Mas o técnico em enfermagem, num cochilo de quem supervisiona tudo, finge que deu o banho. Faz uma encenação, molhando a cabeça, trocando a roupa, refazendo os curativos. Mas o tempo, que geralmente é de quase uma hora, reduziu-se aos quinze minutos da ida a padaria. Uma olhada rápida engana, mas de perto a cadeira de banho está seca, a toalha minimamente usada, e a esponja também seca, são demonstrações claras de que o banho não foi dado. A irritação sobe a cabeça, mas é preciso muita calma. O profissional já faz esse serviço todos os domingos há quase um ano. Em tese já sabe tudo o que tem de fazer e não deveria ser preciso nenhuma chamada. Diante desse fato novo, é questionado. No começo nega, mas, diante do indesculpável, leva o idoso para o banho.

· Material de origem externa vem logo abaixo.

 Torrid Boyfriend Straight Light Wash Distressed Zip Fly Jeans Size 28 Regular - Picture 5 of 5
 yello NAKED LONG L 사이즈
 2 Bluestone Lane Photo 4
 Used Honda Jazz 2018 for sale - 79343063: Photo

Meio caído de lado na cadeira, que é de rodas, com um assento de tampa de vaso sanitário, o velho nu é molhado com a mangueirinha do chuveiro. Não mais consegue demonstrar satisfação, como antes, com o contato da água. Mas ele gosta. Seu corpo é ensaboado com uma esponja macia, com espuma de sabonete líquido suavemente perfumado. Na cabeça, a espuma do xampu dá-lhe um aspecto bizarro. Toda a espuma é retirada, a boca sem dentes é lavada com um anti-séptico bucal e ele tem a pele enxugada e depois coberta com creme. De volta ao quarto, os curativos são feitos (da sonda do estômago, por onde é alimentado, e do braço, que foi ferido na cadeira há alguns dias e está custando a sarar, mesmo com todos os aparatos) e a roupa é colocada. É hora de injetar com seringa a dieta no estômago e também o rol de remédios.  Com os cabelos brancos, sedosos e lisos, penteados para trás, imitando os tempos de saúde, o velho está, finalmente, pronto para um outro dia de sono. O torpor que o acomete há tantos anos, mal o deixa abrir os olhos. Quando muito estimulado, esboça um esgar facial, entreabre um dos olhos por instantes, depois espreme as pálpebras com força, voltando ao seu dormir profundo, cansado que está de aguardar pelo sono eterno.